Lanza M.; Marinescu R. Object-Oriented Metrics in Practice. Springer-Verlag 2006. ISBN-10 3-540-24429

L. Bass, P. Clements, R. Kazman, "Software Architecture in Practice", 3rd edition, Addison-Wesley, 2012

Erich Gamma, Richard Helm, Ralph Johnson, John Vlissides, Design Patterns: Elements of Reusable Object-Oriented Software, Addison-Wesley, 1995

Len Bass, Ingo Weber, Liming Zhu, DevOps: A Software Architect''s Perspective (SEI Series in Software Engineering), Pearson Education, 2015

S Demeyer, T Mens, Software Evolution, Springer, 2008

Glenford J. Myers, The Art of Software Testing, Third Edition, John Wiley & Sons, Inc., 2011

Teaching method

3 hours a week for the presentation of concepts, principles and techniques to support the development and evolution of software.

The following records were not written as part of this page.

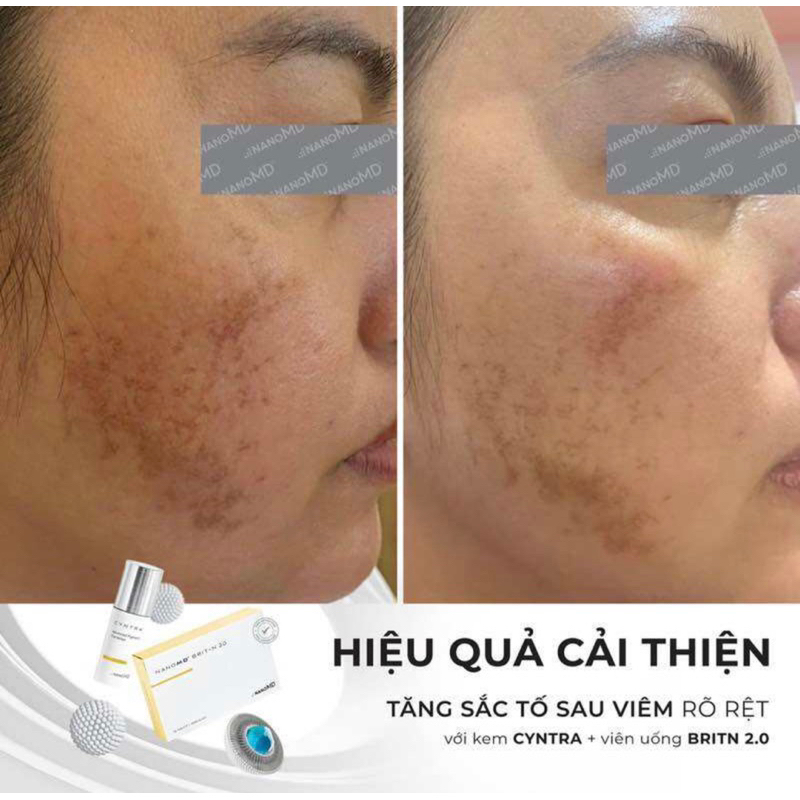 Kem NanoMD xoá tan thâm nám tàng nhang hiệu quả sau 1 liệu trình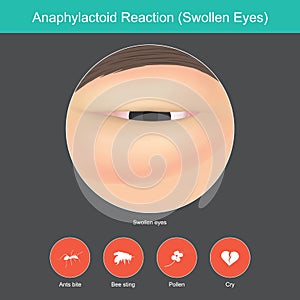 Anaphylactoid Reaction. Illustration show close up. photo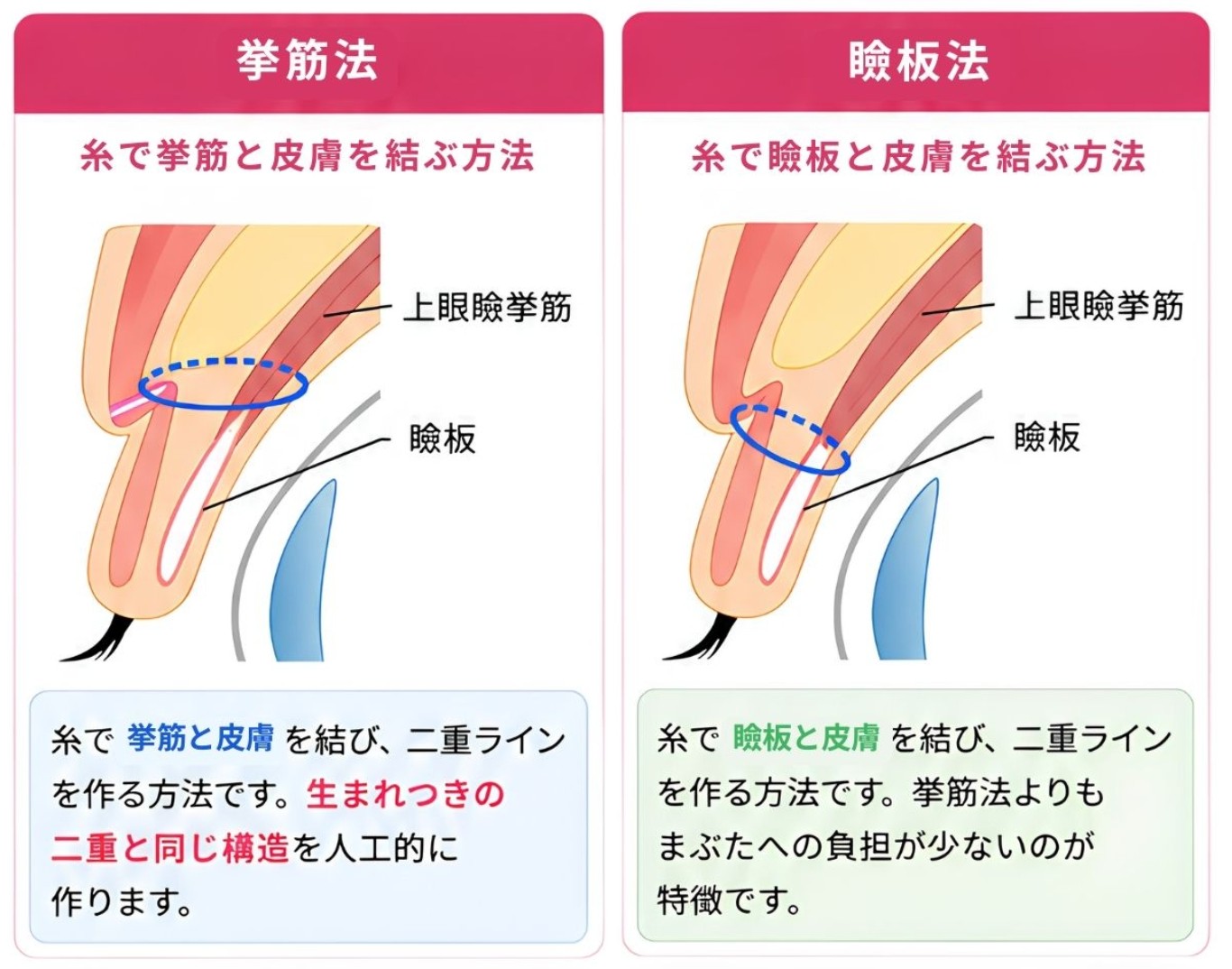 挙筋法と瞼板法の違い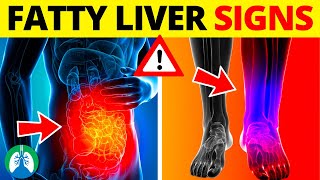 ⚡ Top 10 Signs and Symptoms of Fatty Liver You MUST AVOID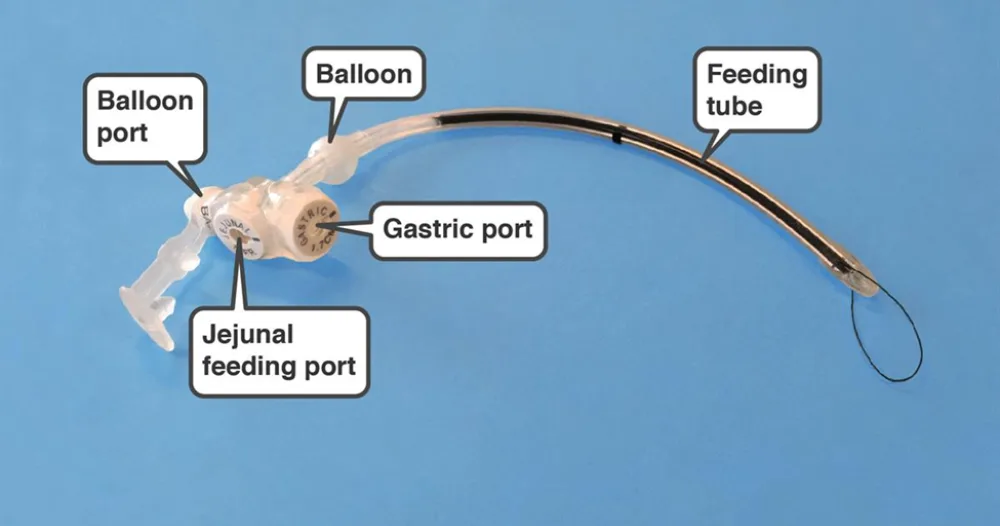 Photo of Gastrojejunostomy conversion components.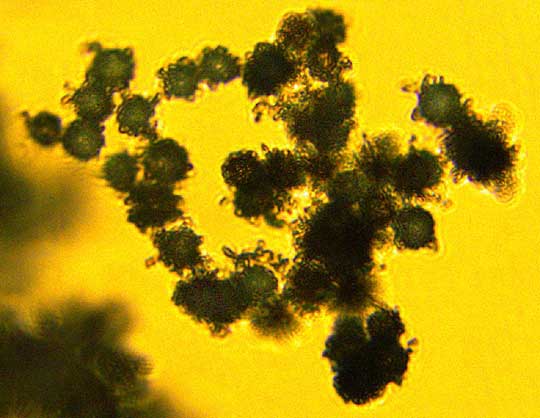 Potato Earthball, SCLERODERMA BOVISTA, spores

The subject, illustrated with application examples, is supported by slides and by the use of the development environment on the teacher''s computer.

2 hours a week of practical laboratory classes in which students practice the theories and techniques taught in previous theoretical classes. Students can answer to questions during class or during the hours of service.

The evaluation has two components: one project and two tests. The project gives frequency, so the minimum grade is 9.5 values, and is worth 70% of the final grade. The average of the two tests must be, at least, of 9.5 values to be approved.

Evaluation method

Students enrolled in this course for the first time. These students have to get approval in two components: theory and practice.

The students are graded with the scale 0 (minimum) to 20 (maximum) rounded to the nearest tenth.

I - Theoretical evaluation - Tests and Exams

1. The classification of the theoretical part (here labeled as NT) is the arithmetic mean of the Two tests.

2. The students that obtain NT greater or equal to 9,5 get the approval in the theoretical part.

3. Each test will cover the content of the lectures taught until one week before the examination.

4. Despite the fact that the tests are supposed to cover the content of the lectures in a modular way, it is not taken from granted that the second test does not use knowledge already examined in the first test.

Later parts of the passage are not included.